Under the Net
Page 26
‘You’re right; I oughtn’t to have,’ said Hugo, ‘but I did it to please her — and after all she did seem to be making something there.’
‘Yes,’ I said, ‘she can create things.’
‘You can both create things, I mean you and Anna,’ said Hugo.
‘Why do you say it like that?’ I asked.
‘It just strikes me,’ said Hugo. ‘I never made a thing in my life,’ he added.
‘Why did you destroy the theatre?’ I asked.
‘I didn’t destroy it,’ said Hugo. ‘Anna did. She suddenly began to feel that it was all pointless, and she went away.’
‘Poor Hugo!’ I said. ‘So then you gave it to NISP.’
‘Well,’ said Hugo, ‘NISP were urgently wanting a place and I thought they might as well have it.’

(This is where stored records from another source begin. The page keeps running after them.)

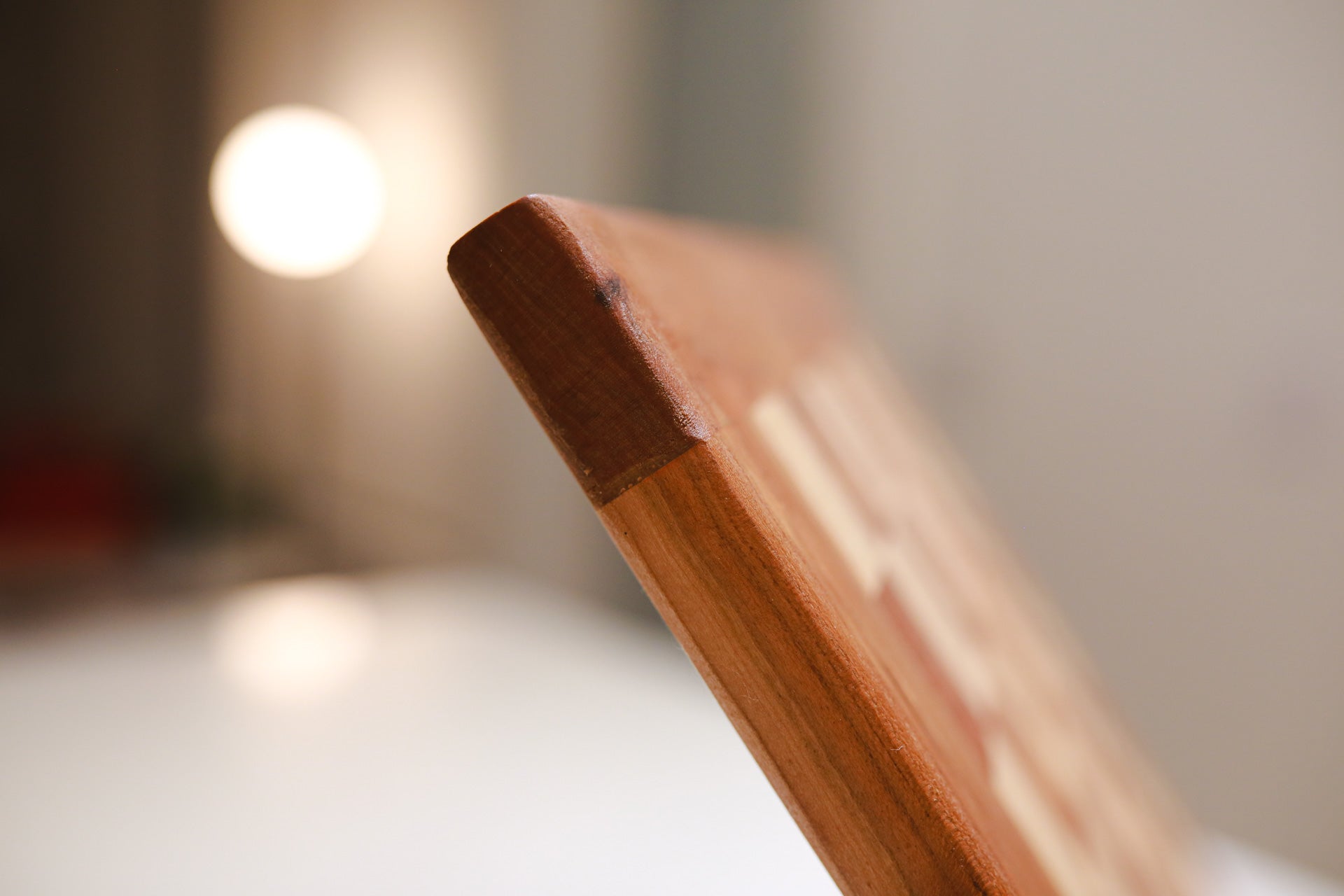 Mahogany & Maple Chess Board with Cherry Frame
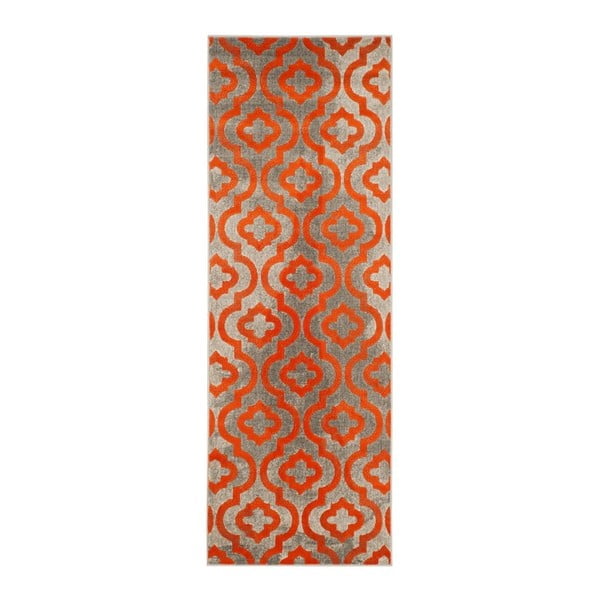 Vysoce odolný běhoun Floorita Evergreen Grey Orange, 70 x 275 cm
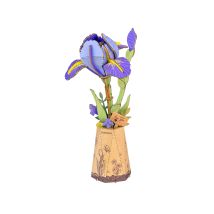 Puzzle 3d 73 Pièces - Purple Iris - Rowood
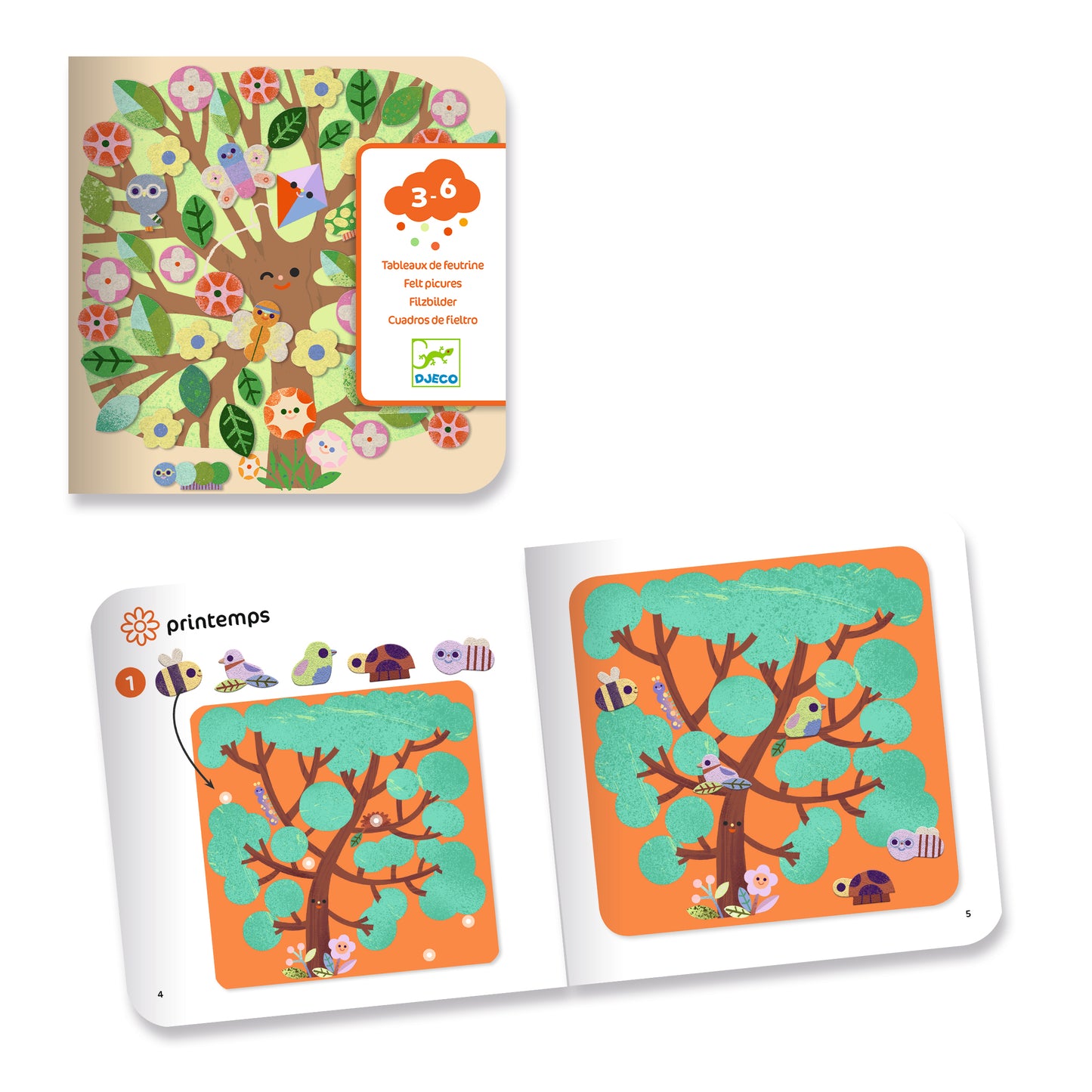 Collage la ronde des saisons 3-6 ans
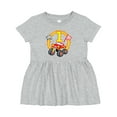 thumbnail image 1 of Inktastic Monster Truck 1st Birthday Girls Baby Dress, 1 of 5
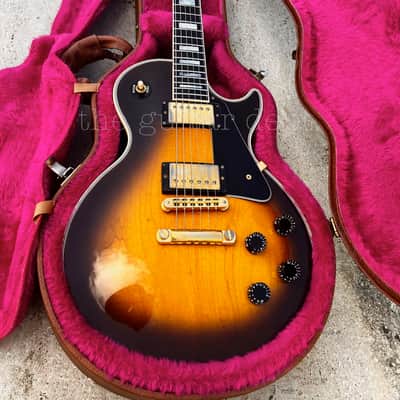 ♚INCREDIBLE♚ Vintage 1990 Gibson Les Paul CUSTOM ♚100%♚ TOBACCO BURST ! ♚OHSC♚R8*59 image 4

I felt sorry for Hugo. I pictured him standing alone in the theatre after the being had departed that had been its life. ‘I didn’t know you had any political views,’ I said. ‘You must have developed them since I last saw you.’
‘I haven’t exactly got any political views,’ said Hugo, ‘but I think Lefty’s ideas are decent.’ This was a very high term of praise in Hugo’s vocabulary.
‘Are you working with him?’ I asked.
‘Good heavens, no!’ said Hugo. ‘I wouldn’t know how. I just give him money. That’s all I can do.’
‘I suppose Rockets are still going strong,’ I said. ‘I notice that the municipality of Paris is a customer of yours.’
‘Oh, Rockets,’ said Hugo. ‘I’ve sold the factory, you know.’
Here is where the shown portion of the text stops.